Historic Markers Across Georgia



Battle of Dunlap Hill-Stoneman's Raid



Marker ID:  
Location: Ocmulgee National Park Rd 0.2 miles south of Emery Hwy, Macon, GA
County: Bibb
Coordinates: N 32° 50.482    W 083° 36.127
  32.84136666    -83.60211666
Style: Interpretative Sign **
Waymark: None
 



Text:

Battle of Dunlap Hill-Stoneman's Raid


During the Civil War, Macon, Georgia was a thriving city, serving as a major transportation, medical, and manufacturing center. In 1864, Federal officers were being held at Camp Oglethorpe, a prisoner of war camp. Two battles were fought in Macon; both battles took place here at the Dunlap farm. The first battle occurred on July 30, 1864 and is known as the Battle of Dunlap Hill. The second battle occurred on November 20-21, 1864 and is known as the Battle of Walnut Creek. Never taken by force, the city surrendered to Federal forces on April 20, 1865, nine days after General Robert E. Lee's surrender.

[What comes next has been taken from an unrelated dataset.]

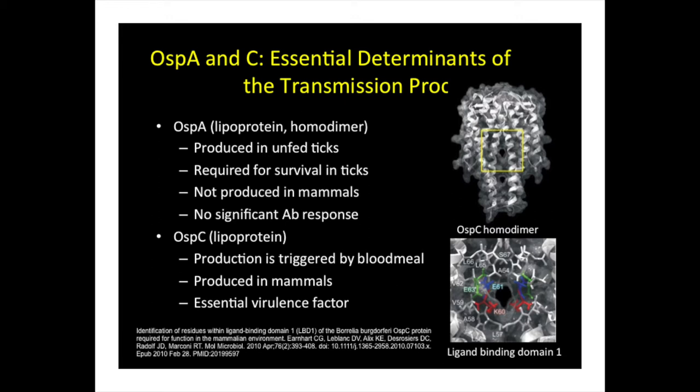OspA is a very dominant lipoprotein. When you grow the bacteria in the laboratory, it's produced at very high levels. I remember the early days working at Rocky Mountain Laboratories with Wilbur Dorper — we used to look at these protein gels and Lyme disease, and the most dominant protein on the gel was always OspA. That's why everyone went after OspA as a potentially good diagnostic marker or vaccine candidate. We know that OspA is produced at very high levels in vivo in unfed ticks, is required for survival in ticks, but is not produced in appreciable amounts in mammals — we see very little or very low antibody responses to OspA in infected mice, humans, canines, etc.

In the summer of 1864, during the siege of Atlanta, Union Cavalry General George Stoneman conducted a raid on Central Georgia cutting the Confederate supply line and the Central Georgia railroad. Stoneman and his troops destroyed everything in their path on the way to Macon. Stoneman's personal mission was to destroy the city and free Union officers imprisoned at Camp Oglethorpe. Fighting took place on July 30th when Stoneman ordered the city bombarded and his troops to advance. One shell that was fired struck the home of Judge Asa Holt, now known as the Cannonball House. Confederate troops under General Howell Cobb formed in East Macon and repelled the Union attack. Unable to take the city, Stoneman retreated, and was stopped in an all day battle at Sunshine Church, near Clinton. There, Stoneman was captured and taken to Camp Oglethorpe becoming the highest ranking Union officer to be captured in the war. After the battle, the Confederates constructed a U-shaped earthwork in the yard of the Dunlap house to protect the Walnut Creek railroad trestle from future attacks. During November 20-21, 1864 the earthwork served its purpose during the battle of Walnut Creek. Today, the earthwork is still visible.